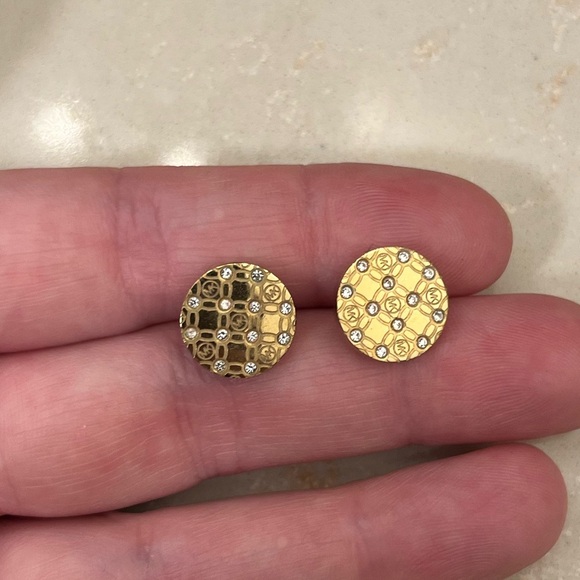 Michael Kors Rose Gold Stud Earrings - Picture 4 of 6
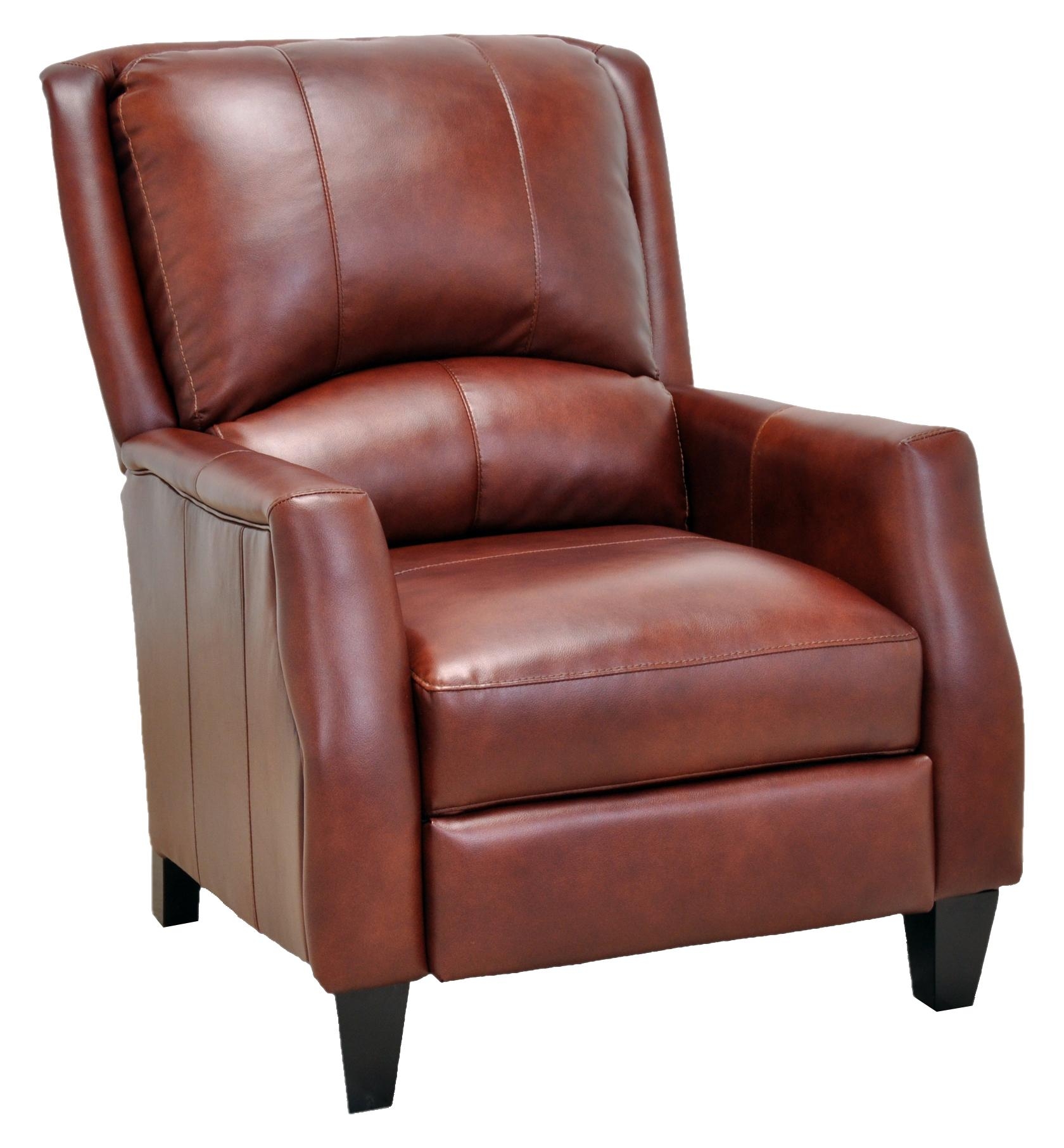 Franklin franklin recliners cosmo push back recliner with wooden legs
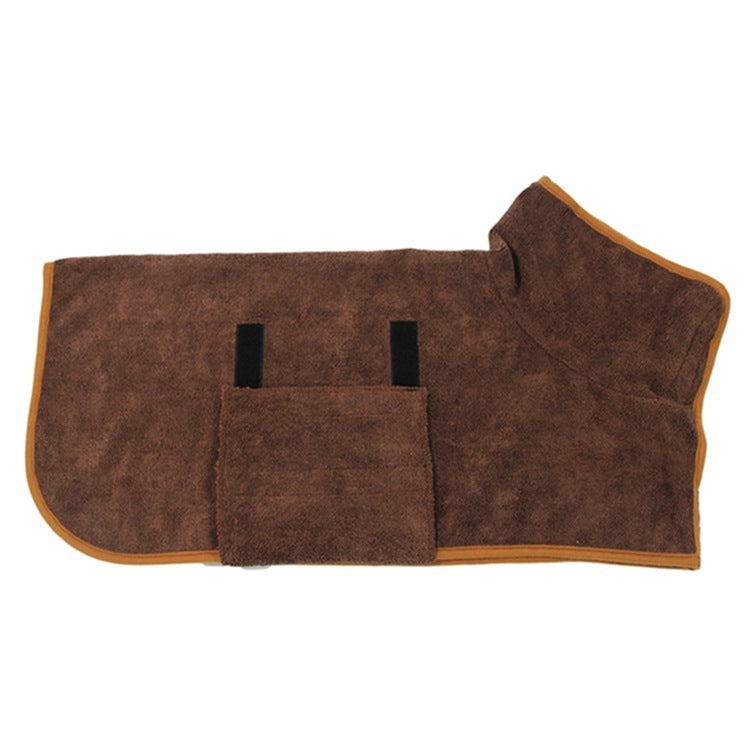 Absorbent Pet Bathrobe With Waist-wrapped Microfiber - Xmaker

··········

## TRY IT:
Transcribe the full listing above exactly, with the images removed.

## ANSWER TO THIS PROBLEM:
 Michael Kors Rose Gold Stud Earrings - Picture 4 of 6
 Franklin franklin recliners cosmo push back recliner with wooden legs
 Absorbent Pet Bathrobe With Waist-wrapped Microfiber - Xmaker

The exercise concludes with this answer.